## What is being asked
The material below holds pictures, which are to be left out; copy exactly the lines from the one with "OAKLEY FLIGHT TRACKER" through the one with "HX3D Keycaps - RPG Movement Set - Image 21".

## Record extracts

※

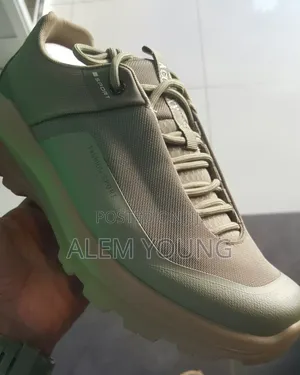 Waterproof High Quality Shoes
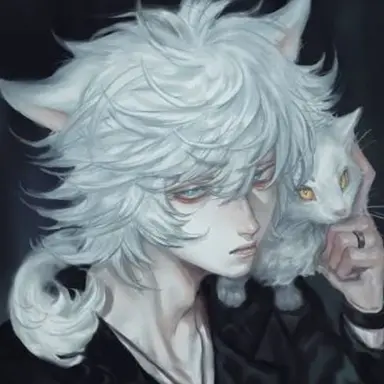 Profile image of Kade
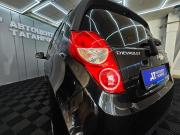 Chevrolet Spark III Таганрог  - изображение 42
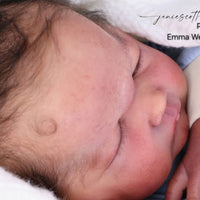 EMMA WENDY SUE by Melanie Ingold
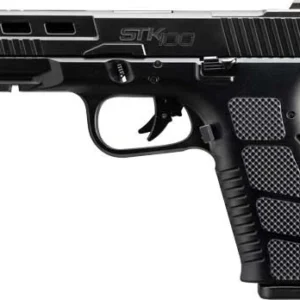ROCK ISLAND STK100 PISTOL 9MM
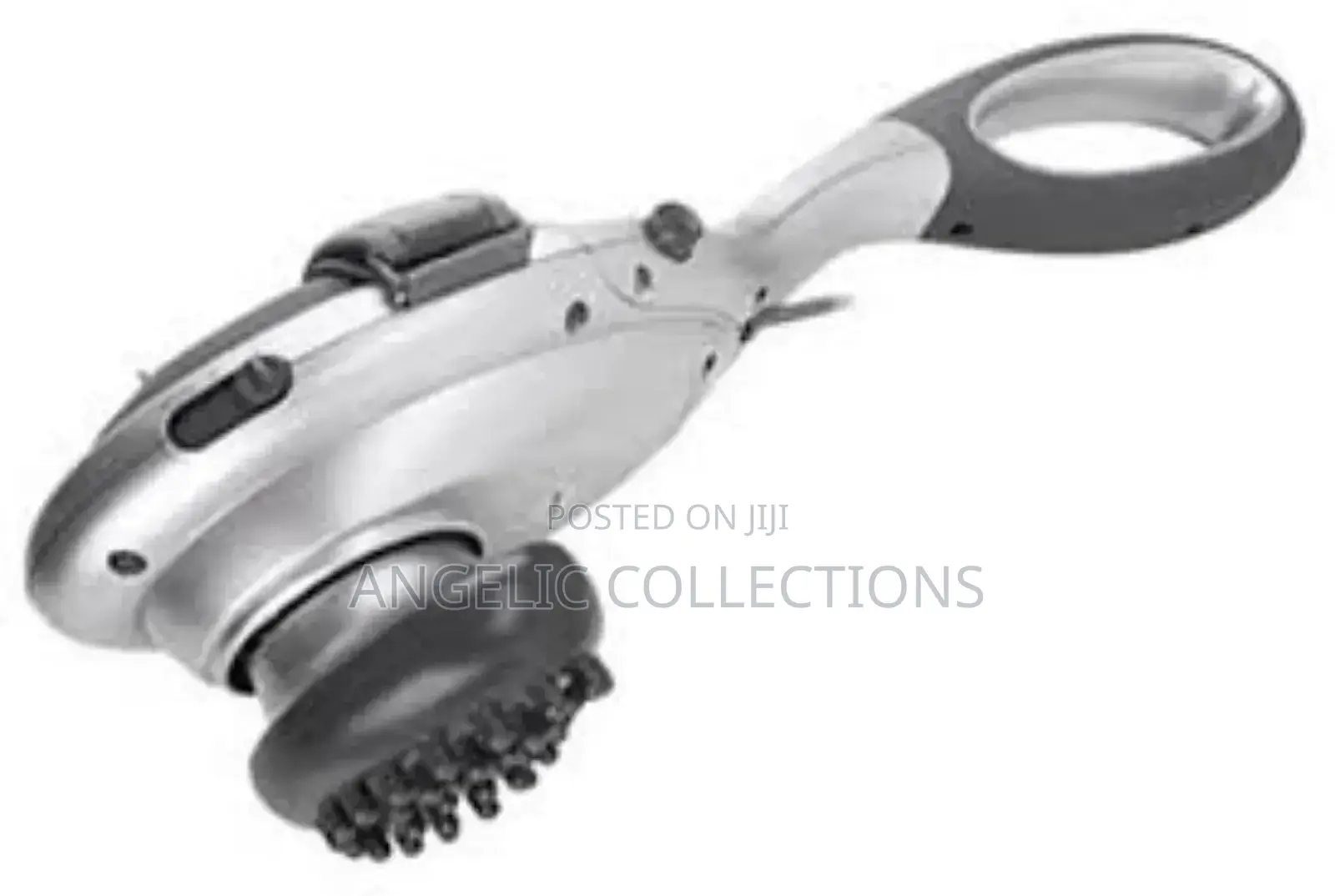 Infrared Massager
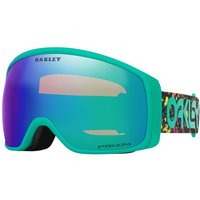 OAKLEY FLIGHT TRACKER M Schneebrille 2026 jaxson black/prizm snow argon iridium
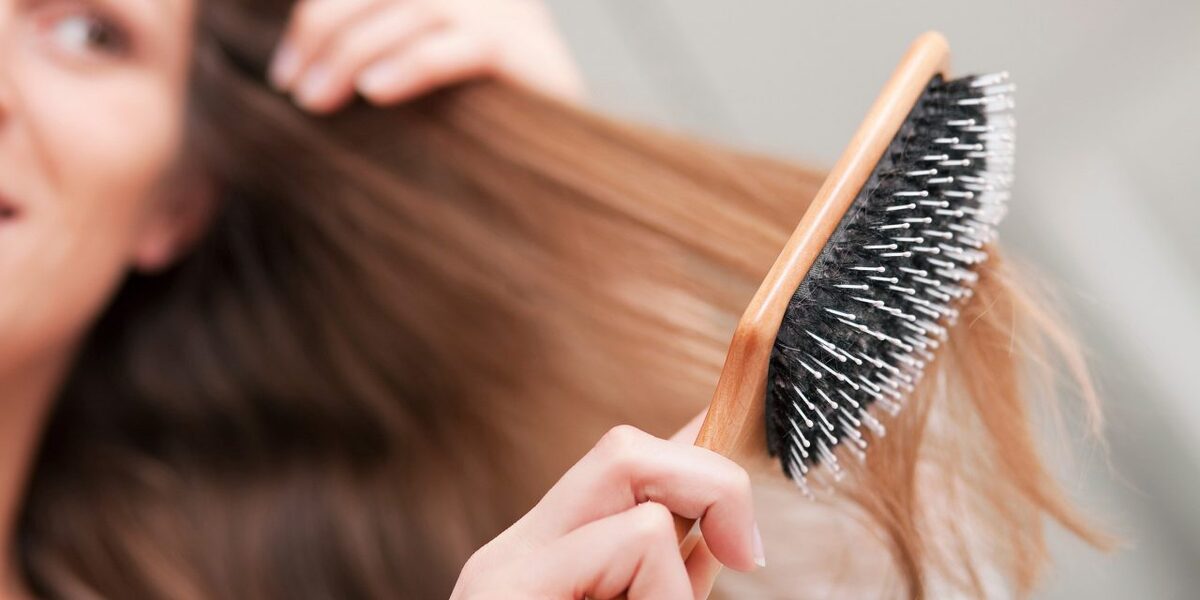 راز بلند شدن سریع مو های زنان ژاپنی فاش شد / این محصول در دسترست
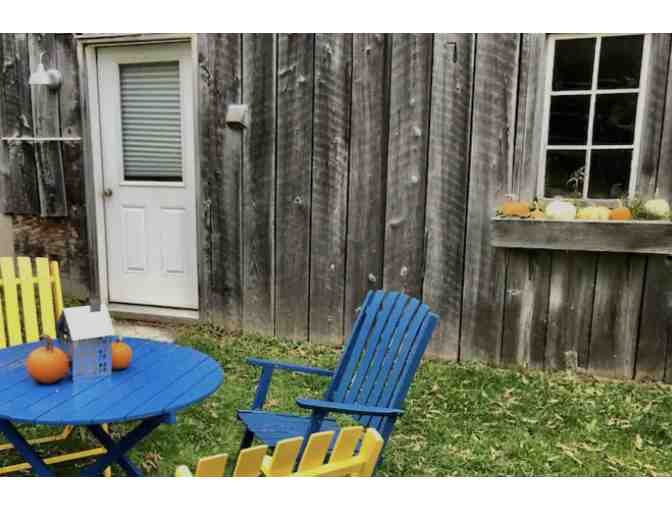 3-Night Stay at Charming Barn Apartment in Vermont - Photo 3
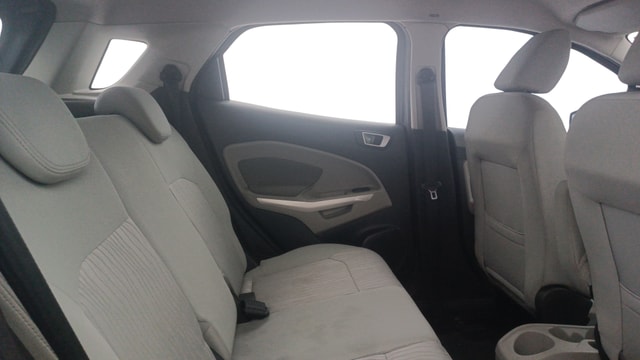 View Ford EcoSport Image 35 Used Ford EcoSport Image 35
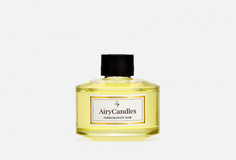 Ароматический диффузор с палочками из микрофибры Airycandles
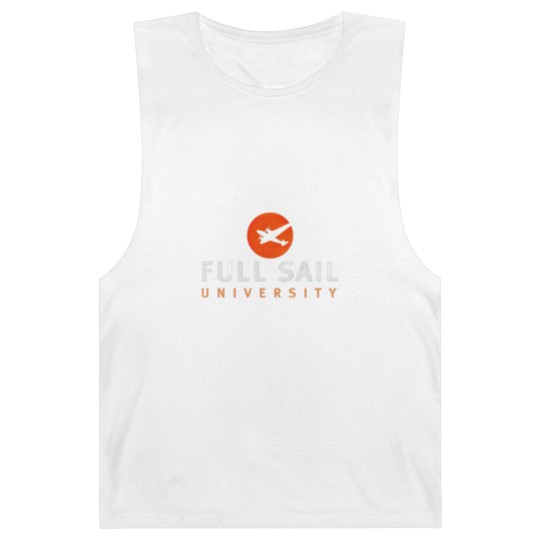 Discover Full Sail University Barnard Tanks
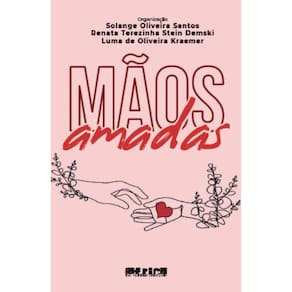 Mãos amadas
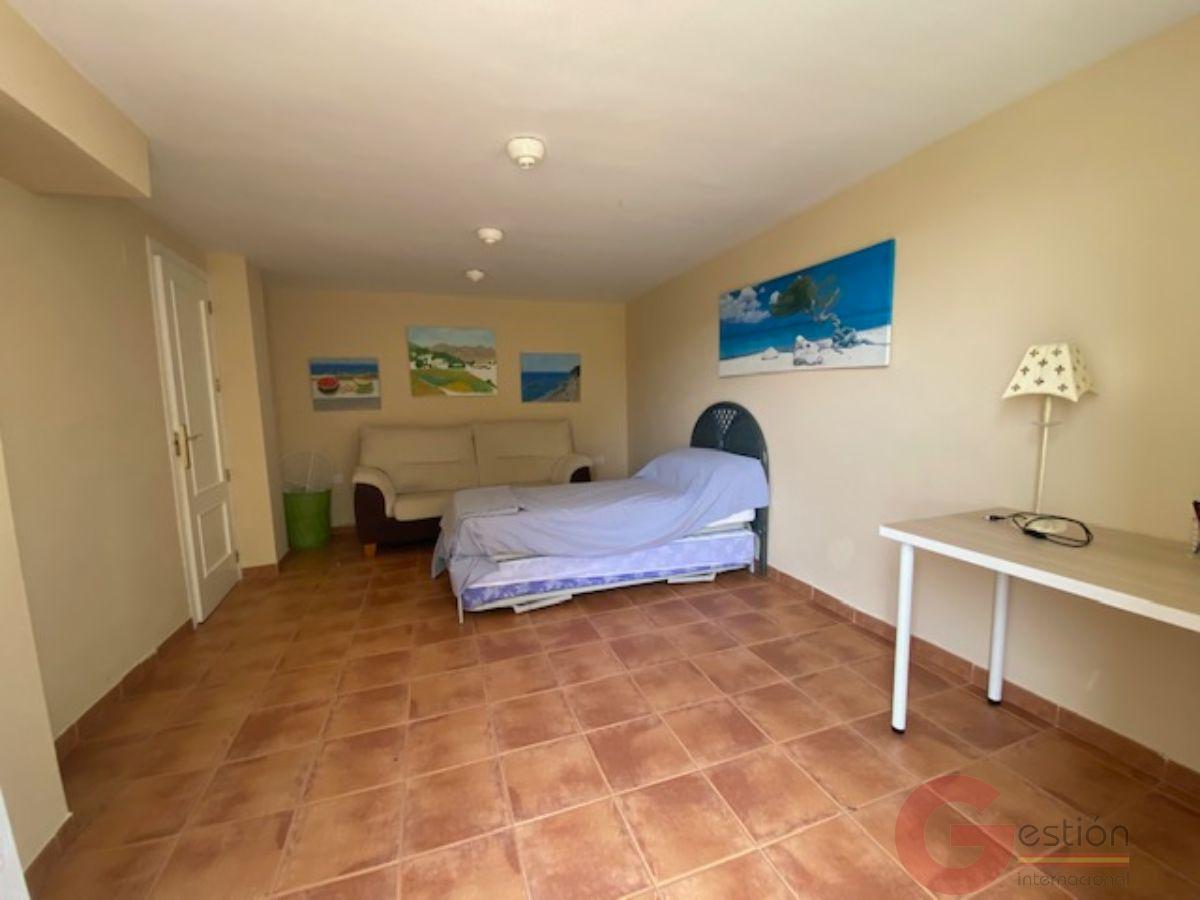 venta de chalet en La Herradura, Cerro Gordo Id01042107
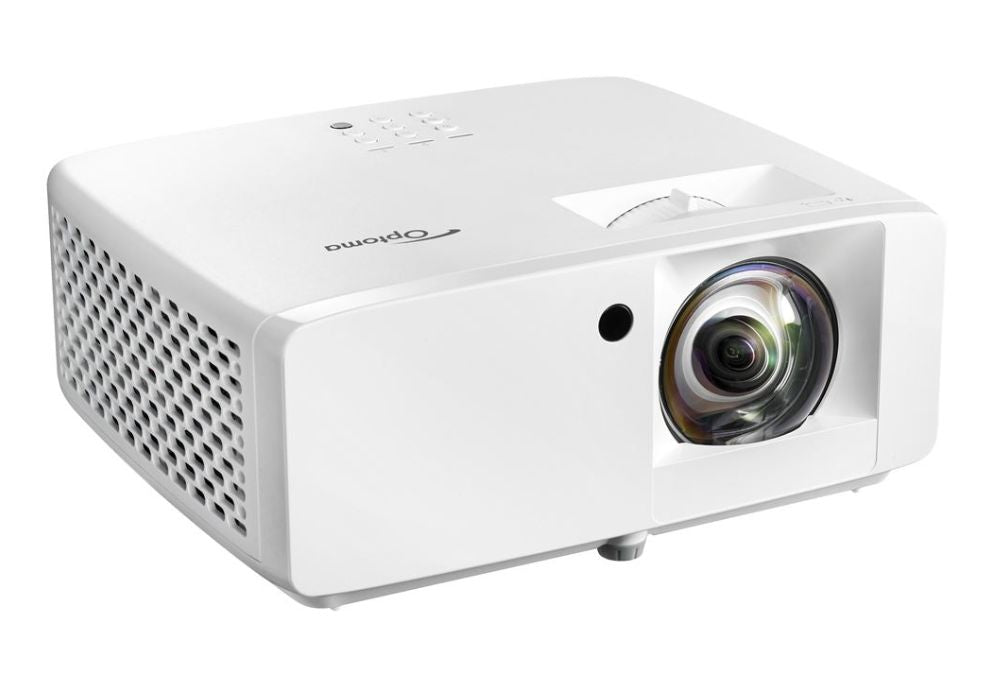 Optoma ZW350ST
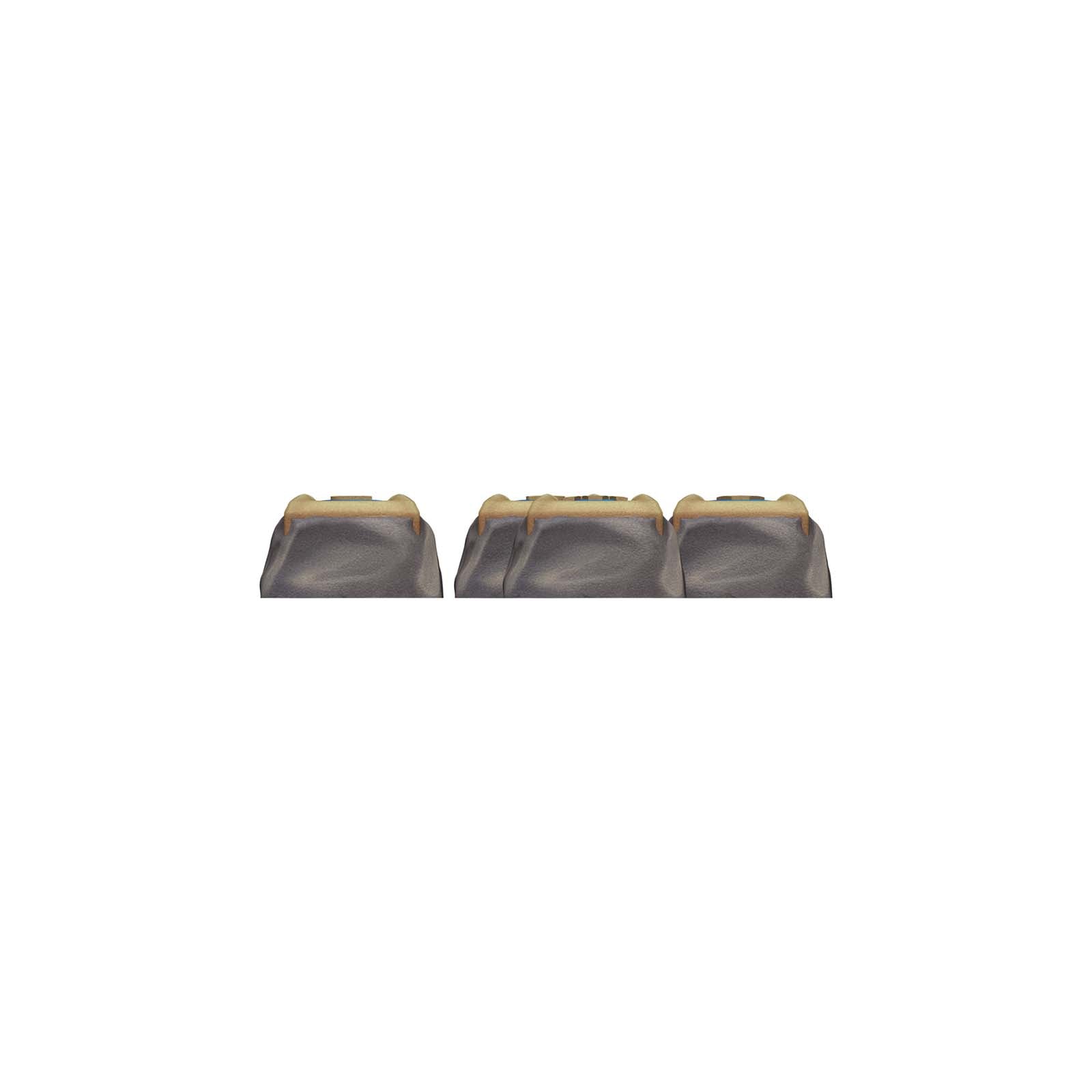 HX3D Keycaps - RPG Movement Set - Image 21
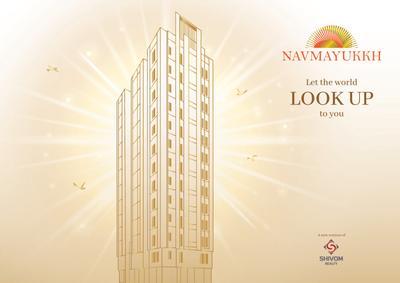 Image of 1100 Sq.ft 3 BHK Apartment / Flat for sale in Shivom Nav Mayukkh, Narendrapur, Kolkata for Rs. 5500000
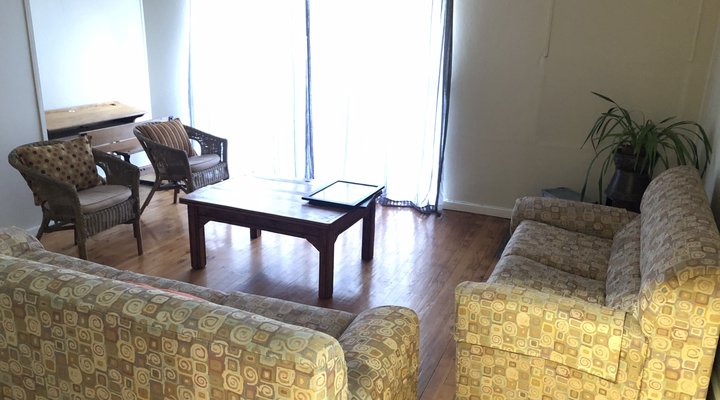 Valley View Guest Cottage 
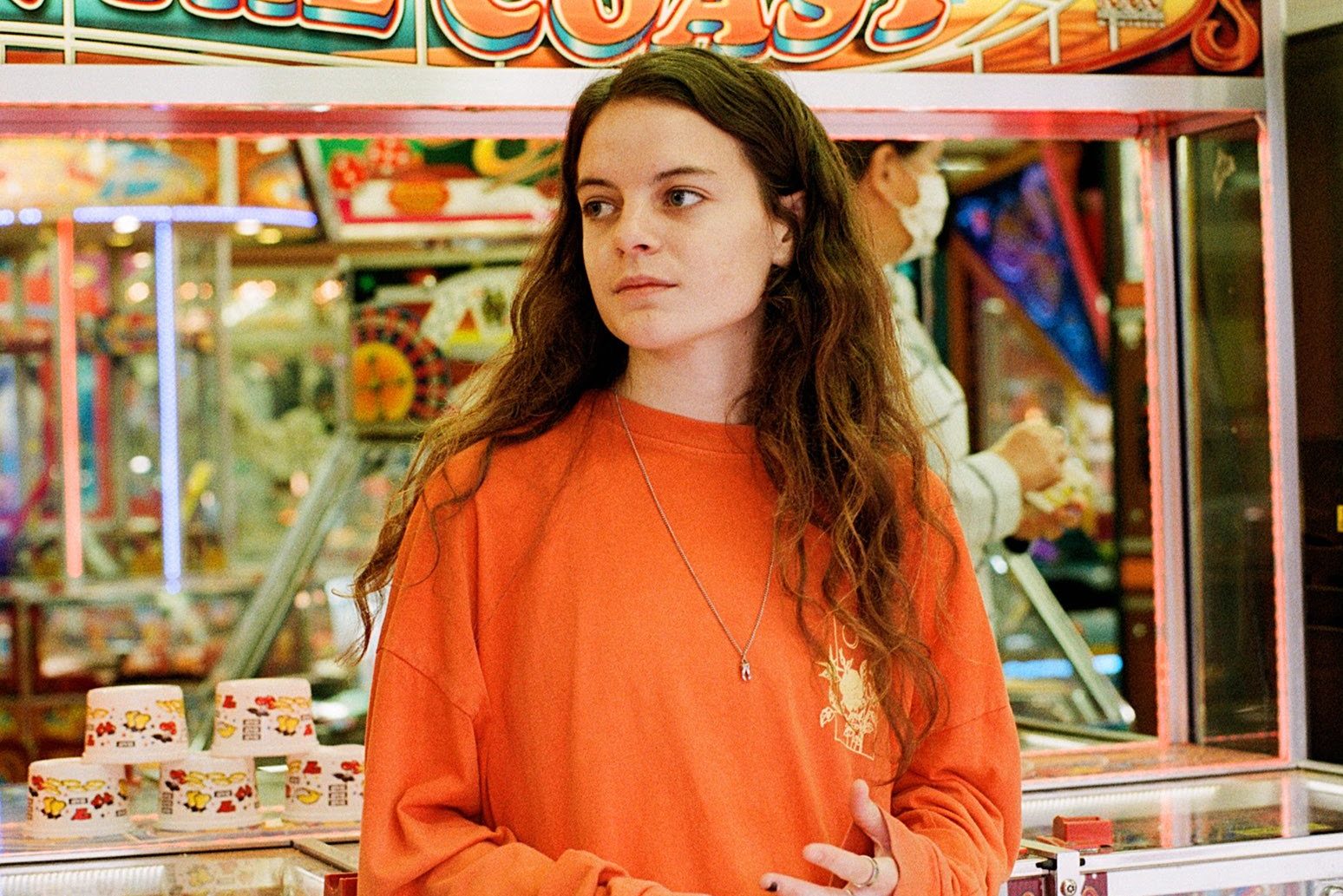 pinkpirate has released a new single, 'Do You Want It All?'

※

## Written solution
 OAKLEY FLIGHT TRACKER M Schneebrille 2026 jaxson black/prizm snow argon iridium
 راز بلند شدن سریع مو های زنان ژاپنی فاش شد / این محصول در دسترست
 3-Night Stay at Charming Barn Apartment in Vermont - Photo 3
 View Ford EcoSport Image 35 Used Ford EcoSport Image 35
 Ароматический диффузор с палочками из микрофибры Airycandles
 Discover Full Sail University Barnard Tanks
 Mãos amadas
 venta de chalet en La Herradura, Cerro Gordo Id01042107
 Optoma ZW350ST
 HX3D Keycaps - RPG Movement Set - Image 21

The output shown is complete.